Hawai`i lacking representation in race

Water Ways
Honolulu Star Bulletin (3/24/01)
By Ray Pendleton

ATTENTION, all blue water sailors. If you have a sailboat home-ported in Hawai`i, you have an excellent opportunity to win a first place trophy in the 41st biennial TransPacific Yacht Race this summer.

According to race organizers, as of last week and 3 1/2 months before the first start, there have been no entries from Hawai`i. That means the official "First Hawai`i Boat to Finish" trophy could go unclaimed this year.

This is not to say that entries have been lagging in general. To the contrary, with 24 entries so far, race officials think the final total could top the previous five races. Forty-nine boats raced in 1989.

"The encouraging thing about this list is it's not our usual suspects," said Entries chairman Jerry Montgomery. "When you combine these (entries) with the ones we usually get, the turnout is going to be impressive."

Some measure of credit to this increase in entries can, no doubt, go to the organizers this year for creating the new "Aloha," "40" and "50" classes. These classes have created added incentive for owners of smaller, older, slower and often, more comfortable cruising-type boats.

"The Aloha fleet is going to be very well represented," Montgomery said. "And the top end of the overall fleet is going to be very competitive."

His prediction for the top end of the fleet is reinforced by the fact that Merlin, Medicine Man and Pyewacket - three of the most familiar boats in recent Transpac history - are among the 11 latest race entries.

In all, a total of five first-to-finish "Barn Door" trophies have been won by Merlin and two of Roy E. Disney's boats named Pyewacket.

It was the Bill Lee-designed Merlin, after all, that brought the new term "sled" into the Transpac lexicon and launched a design revolution for downwind sailing.

That 68-foot ultralight displacement boat set the Transpac record in 1977 by sailing the 2,225-mile, Los Angeles to Honolulu course in 8 days, 11 hours, 1 minute and 45 seconds - and it held up for 20 years.

Finally, in 1997, Disney's second Pyewacket managed to eclipse that time by 19 1/2 hours and a later incarnation of Pyewacket dropped the record again, in 1999, to 7 days, 11 hours, 41 minutes and 27 seconds.
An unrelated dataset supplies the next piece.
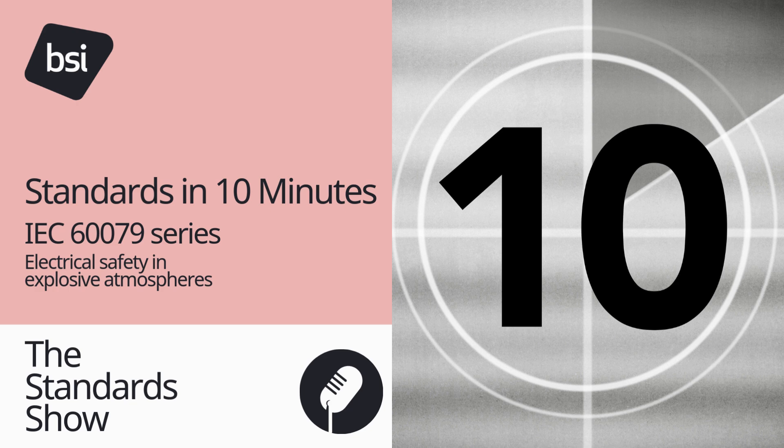Number eight: harmonised standards. Many of the explosive atmosphere standards contained in the IEC 60079 series are harmonised to the ATEX and DSEAR. ATEX is a name commonly given to the two European directives for controlling explosive atmospheres: one covering the minimum requirements for improving the health and safety protection of workers potentially at risk from explosive atmospheres, and one covering equipment and protective systems intended for use in potentially explosive atmospheres. In the UK, the requirements of these two European directives were put into effect through Regulations 7 and 11 of the DSEAR, or Dangerous Substances and Explosive Atmospheres Regulations 2002.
It was also in 1997's record-breaking race that Bob Lane's Andrews 56 Medicine Man was a record holder for about two days. Making the most of a three-day head start over the bigger sleds, it broke Merlin's decades-old record by some four and a half hours, until Pyewacket broke that record.

Medicine Man has been constantly upgraded each race since then, including the addition of a longer, sleeker 61-foot hull under the old deck.

"For the last race, we turbocharged the rig," designer Alan Andrews said. "And now, we've added a new hull to enable the extra horsepower of that rig to be used to its full potential."

Nevertheless, race organizers believe Pyewacket's strongest competition will come from new boats that have yet to enter.